TO DO
Retype word for word the stretch of entries below from the line that has "PARALELA επιτραπέζιο φωτιστικό" through the line that has "Japanese style accessories", and omit the pictures.

SOURCE MATERIAL
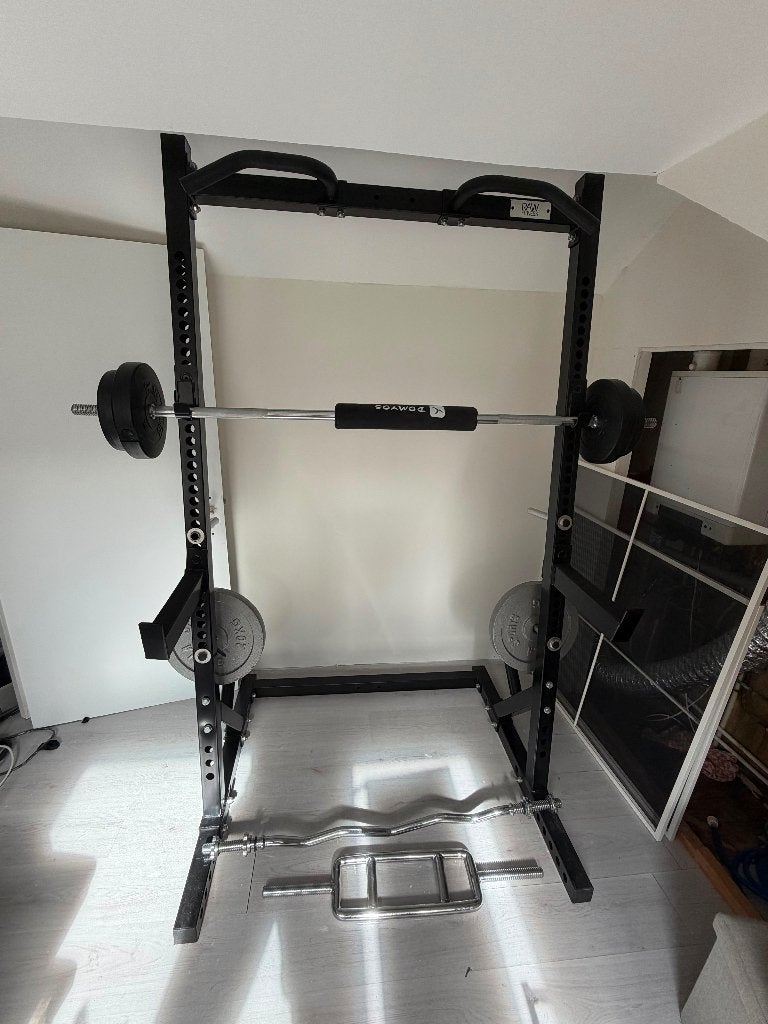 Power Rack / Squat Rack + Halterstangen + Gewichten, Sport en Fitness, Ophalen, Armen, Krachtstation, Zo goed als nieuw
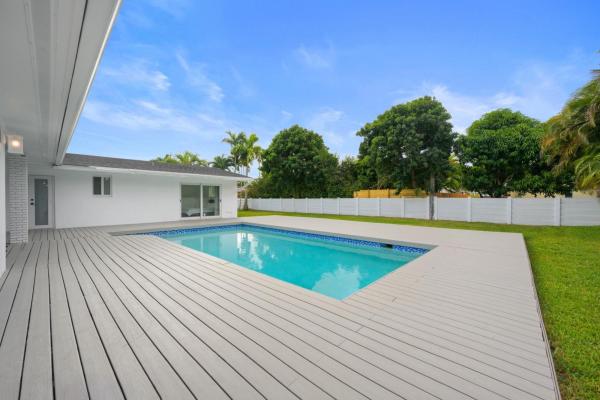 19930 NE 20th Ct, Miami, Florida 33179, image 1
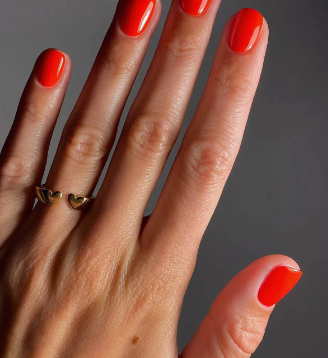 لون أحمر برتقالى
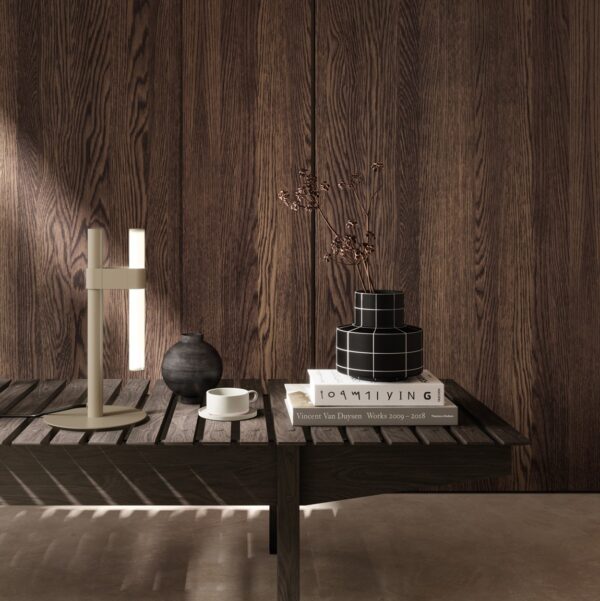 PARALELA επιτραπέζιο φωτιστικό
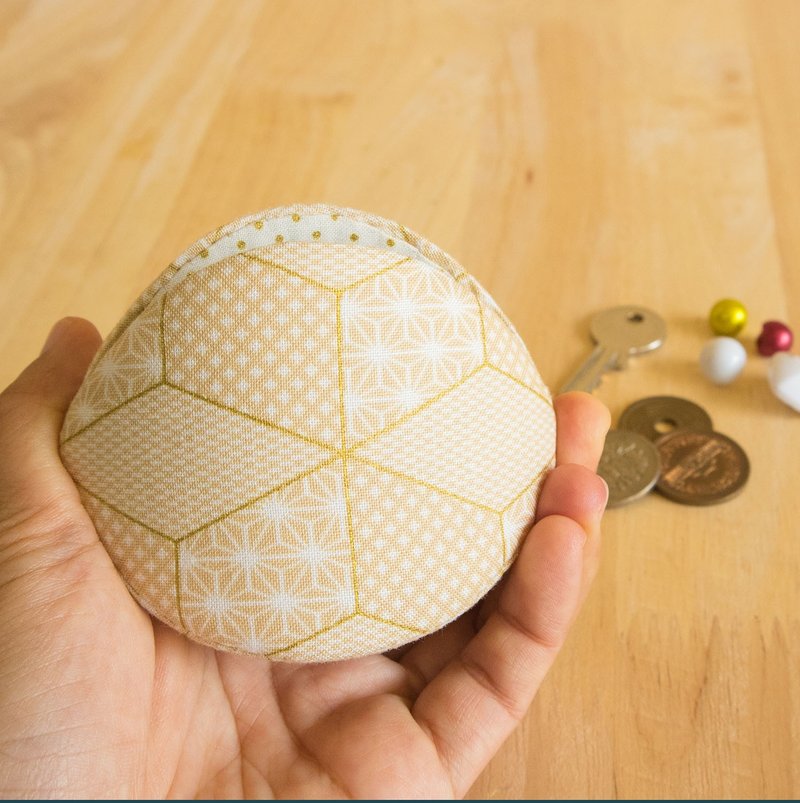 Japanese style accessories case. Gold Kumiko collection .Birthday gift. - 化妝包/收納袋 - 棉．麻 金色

* * *

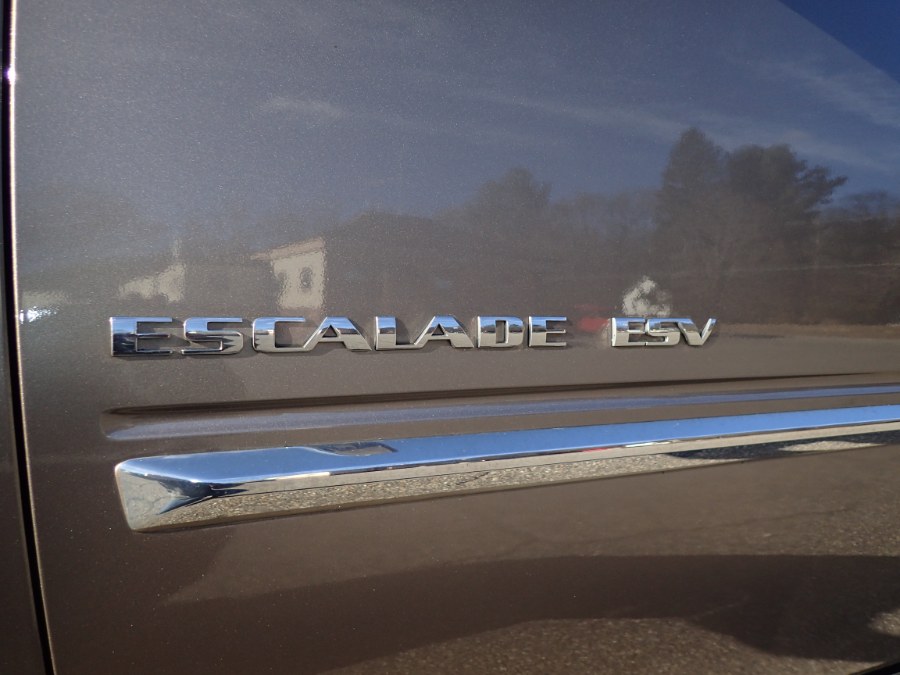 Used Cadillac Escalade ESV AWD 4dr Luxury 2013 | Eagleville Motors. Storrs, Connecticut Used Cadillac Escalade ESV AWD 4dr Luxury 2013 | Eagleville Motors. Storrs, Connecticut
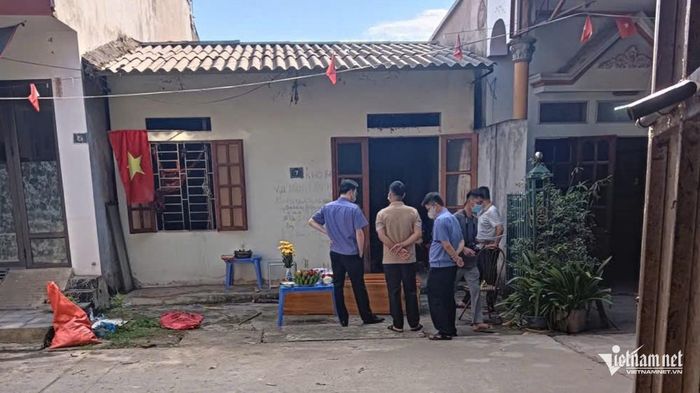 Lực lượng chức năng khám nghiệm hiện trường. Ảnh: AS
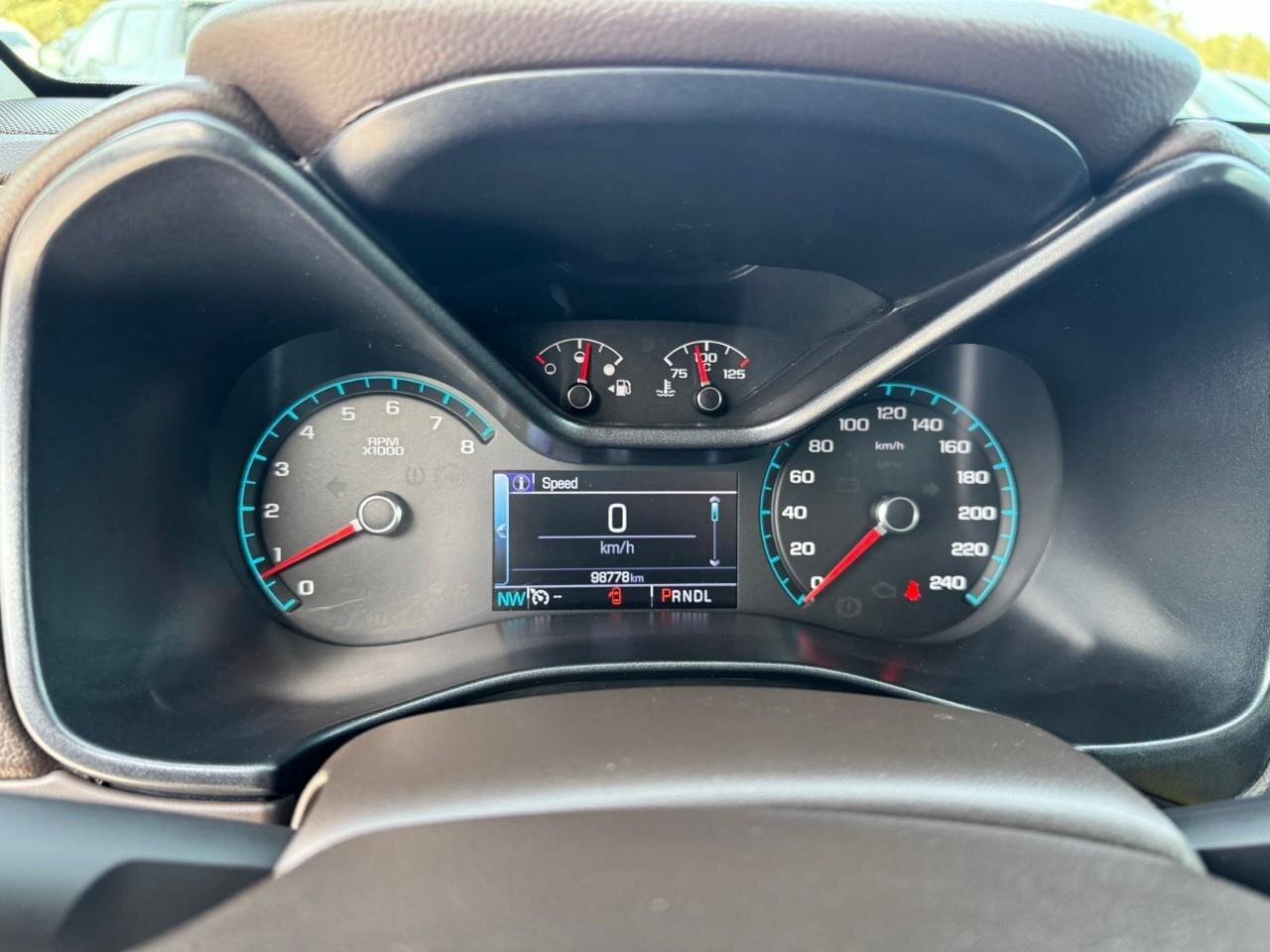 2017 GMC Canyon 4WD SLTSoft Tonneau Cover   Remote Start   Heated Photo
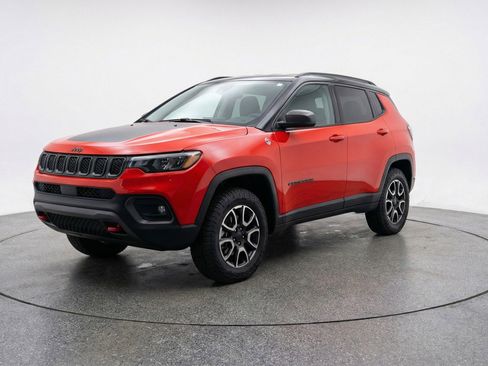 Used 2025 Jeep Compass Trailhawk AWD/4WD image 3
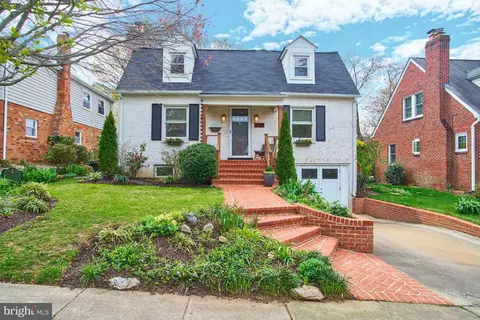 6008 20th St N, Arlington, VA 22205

--

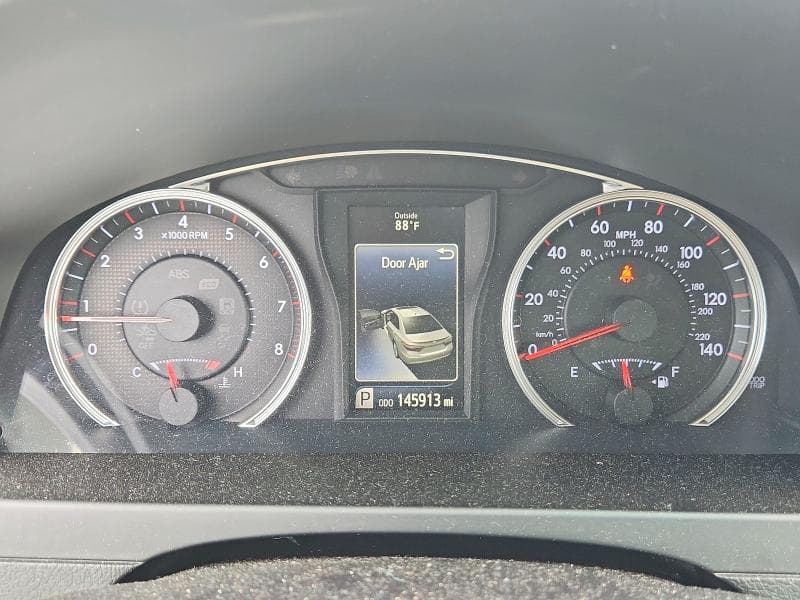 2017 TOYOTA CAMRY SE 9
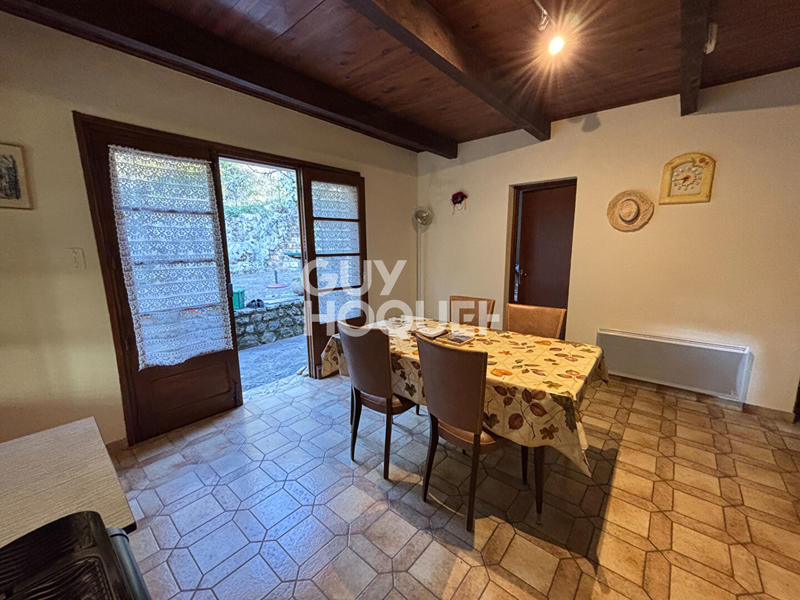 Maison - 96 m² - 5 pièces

ANSWER SPACE
 PARALELA επιτραπέζιο φωτιστικό
 Japanese style accessories case. Gold Kumiko collection .Birthday gift. - 化妝包/收納袋 - 棉．麻 金色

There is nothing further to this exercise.